Preset Target kbps kbps range -b switch
(minimum kbps)$Lowpass Insane 320 320 CBR - - Extreme 245 220-260 128 19383 Hz - 19916 Hz Standard 190 170-210 128 18671 Hz - 19205 Hz Medium 165 145-185 - 17960 Hz - 18494 Hz
- $ Standard speed only
- Variable: This mode continuously varies the bit rate used according to the complexity of the sound, in an attempt to maintain the quality of the recording at a consistent level. The settings range from 0 (highest quality) to 9 (smallest file size). Each setting defines a range of bit rates within which it will generally operate. Level 0 is comparable to the Extreme preset mentioned above, level 2 is comparable to Standard and level 4 to Medium presets. Variable bit rate offers the best quality compared to the Average and Constant bit rate options in most circumstances (extremely quiet music is one exception). It will tend to give you somewhat smaller file sizes for a given degree of quality, but the actual file sizes can't be accurately predicted in advance.
- Average: This sets a known, average bit rate for the file, but within this average permits some fluctuations in bit rate to reflect the relative difficulty of encoding the file.

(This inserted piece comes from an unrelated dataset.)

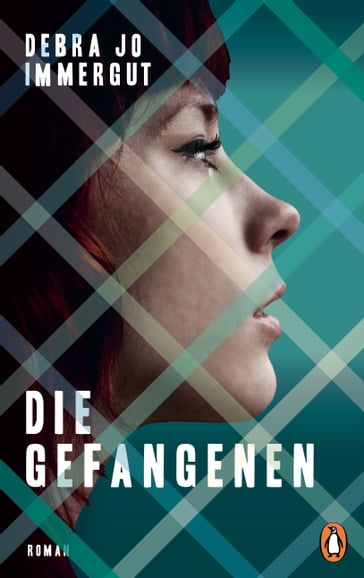 Die Gefangenen - Debra Jo Immergut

Not as of so consistently high quality as variable bit rate, but generally preferable to constant bit rate if you need to know more or less how large your files will be. Offers bit rates from 8 kbps to 320 kbps.
- Constant: Sets a constant bit rate for the encoding, regardless of its complexity. Of the four bit rate modes, this usually gives the worst, least consistent quality for a given file size, but that size itself is completely predictable. Use this option if you are streaming the file over the internet, as it ensures the audio cannot stutter due to sudden short peaks in the bit rate. Offers the same choice of bit rates as average bit rate - the default Audacity rate (128 kbps) gives you a known file size of about 1 MB per minute of mono or stereo audio.
Quality
This list lets you select the bit rate (in kbps, or kilobits per second) for encoding your file. A higher bit rate always gives better quality but at the expense of a larger file size, and vice-versa. The bit rates are absolute for average and constant bit rate modes, but expressed as a range for the variable and preset modes (except for the Insane preset).
Variable Speed
Choice of variable speed is available when using variable bit rate encoding. It determines the speed and accuracy at which the encoding algorithm performs its calculations. Standard provides the best results, but will take longer to encode than the Fast option.
Channel Mode
This controls how the two channels of a stereo recording are processed during encoding:
- Joint Stereo converts the Left and Right channels into two different signals: Sum (Left plus Right, mono) and Difference (the difference between the two channels, Left minus Right). This allows recordings with relatively little stereo separation to be encoded more efficiently - more bits can be allocated to the Sum channel because there is relatively difference to encode. The higher the bit rate you use, the less the audible difference that's likely to result from using Joint Stereo.
- Stereo encodes the left and right signals independently, redistributing bits between the channels as required to get the best encoding.